According to one embodiment, a second parchment paper is coated with a

polysaccharide-based composition, and a bio-based binder is coated on said polysaccharide-based composition coating, wherein said second parchment paper being closest to the formed volume is laminated to the first parchment paper, wherein the coating of the polysaccharide-based composition and the bio-based binder coating are disposed between the first and the second parchment papers.

According to one embodiment, the first and any further parchment paper is free from silicone-based and/or fluorine-based compounds.

According to one embodiment, the polysaccharide-based composition comprises hemicellulose, microfibrillar cellulose, nanofibrillar cellulose, or mixtures thereof, preferably hemicellulose.

According to one embodiment, the polysaccharide-based composition comprises microfibrillar and/or nanofibrillar polysaccharide, preferably microfibrillar and/or nanofibrillar cellulose.

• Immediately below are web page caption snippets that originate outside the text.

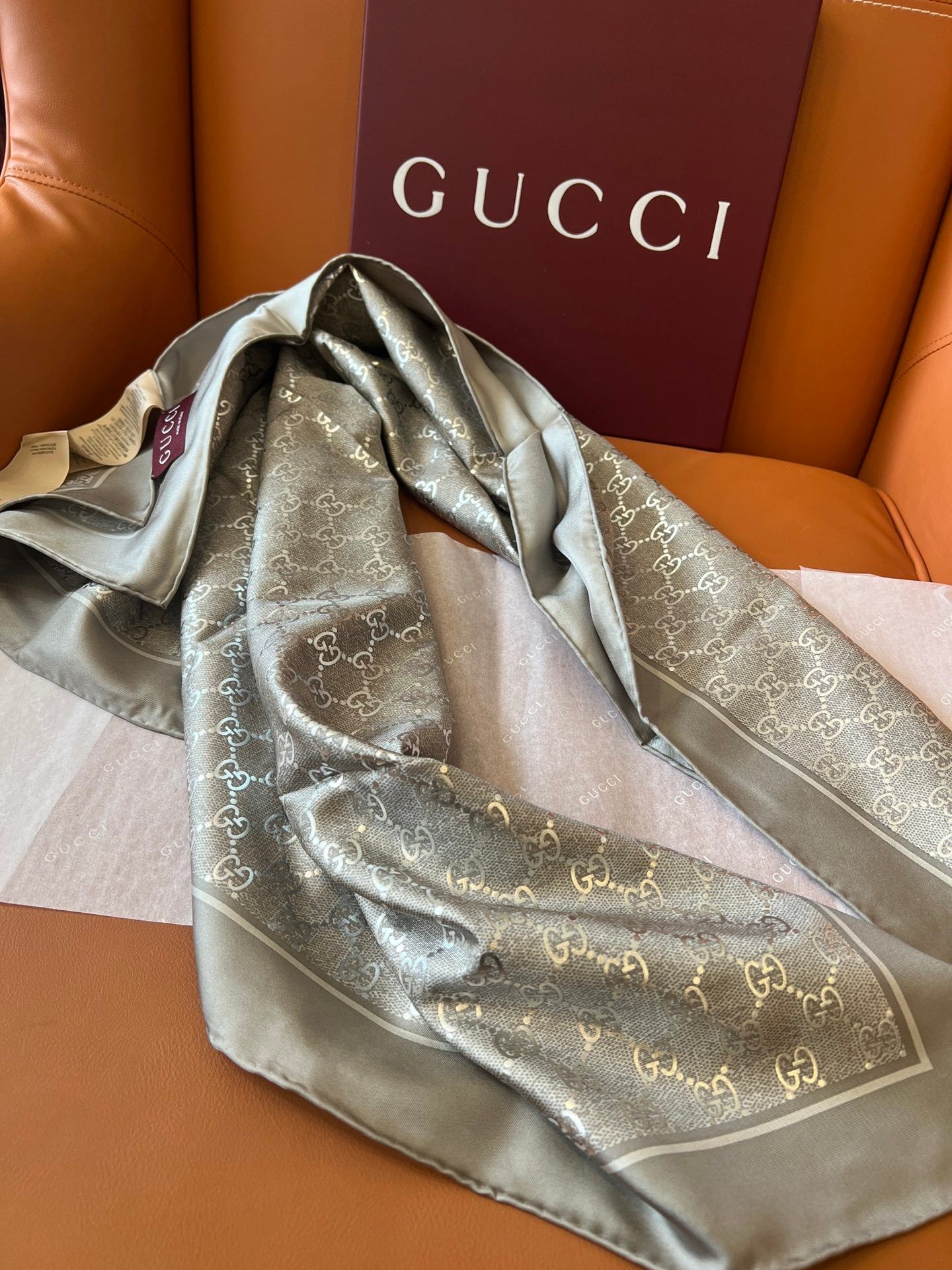 Lenço Gucci Quadrado de Seda Cor Cinza Prateado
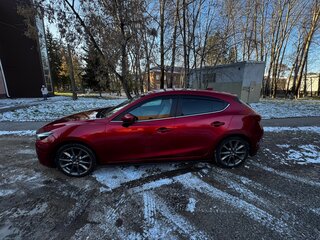 2018 Mazda Axela III Рестайлинг, красный, 1365000 рублей, вид 3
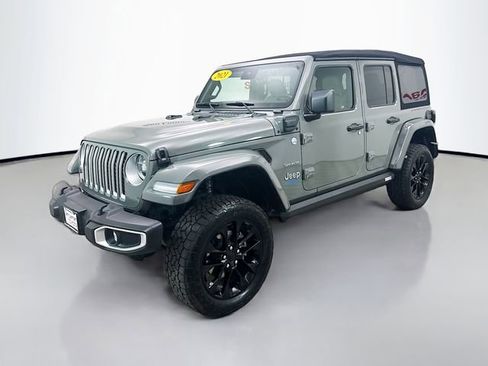 Used 2021 Jeep Wrangler Unlimited Sahara w/ Cold Weather Group image 3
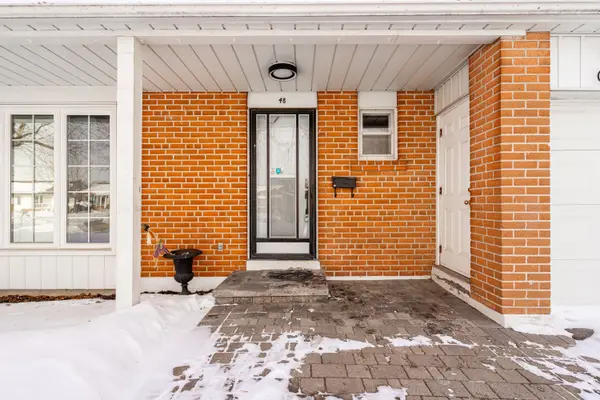 48 Aberdeen CRES, Brampton, ON L6T 2P9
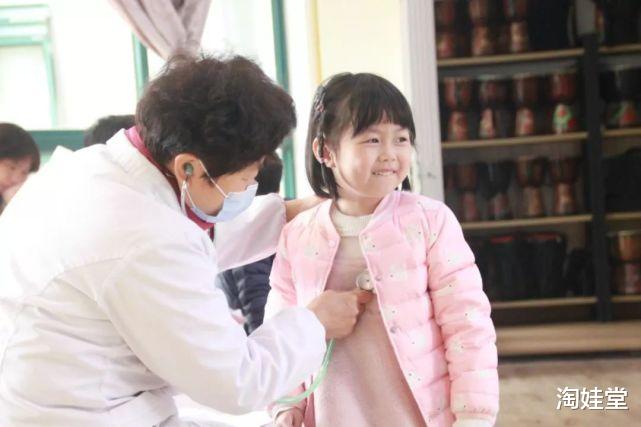 淘娃堂|肚脐眼里的“黑泥”是啥，不能抠掉吗？显微镜放大千倍后，真酸爽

According to one embodiment, the polysaccharide-based composition comprises a hemicellulose, for example a pentosan-rich polysaccharide which may include inter alia xylans, glucomannan, galactoglucomannan, arabinogalactan or mixtures thereof which may be present in an amount from about 20 wt% up to 75 wt% or 80 wt% or 100 wt%. According to one embodiment, the polysaccharide-based composition comprises a polysaccharide containing pentosan and/or xylose in an amount from about 20 wt% up to about 75 wt% or 80 wt% or 100 wt%. According to one

embodiment, the polysaccharide-based composition comprising at least one polysaccharide, in particular hemicellulose, has a molecular weight from 8000 to 50000 g/mol, for example from 8000 to 48000 g/mol or from 8000 to 45000 g/mol, e.g. from 15000 to 45000 g/mol or 20000 to 40000 g/mol. The use of somewhat higher molecular weights may improve the capability and adherence of the coating of a polysaccharide-based composition which may comprise inter alia hemicellulose. If even higher molecular weights are used, high viscosity can complicate the use of the hemicellulose to produce a coating. The molecular weight of a polysaccharide-based composition comprising at least one polysaccharide such as a hemicellulose may also range from 8000 to 15 000 g/mol, for example 8000 to 14000 g/mol. The use of low molecular weights may be an advantage as hemicellulose from many sources can be used and the extraction procedure therefrom is simplified.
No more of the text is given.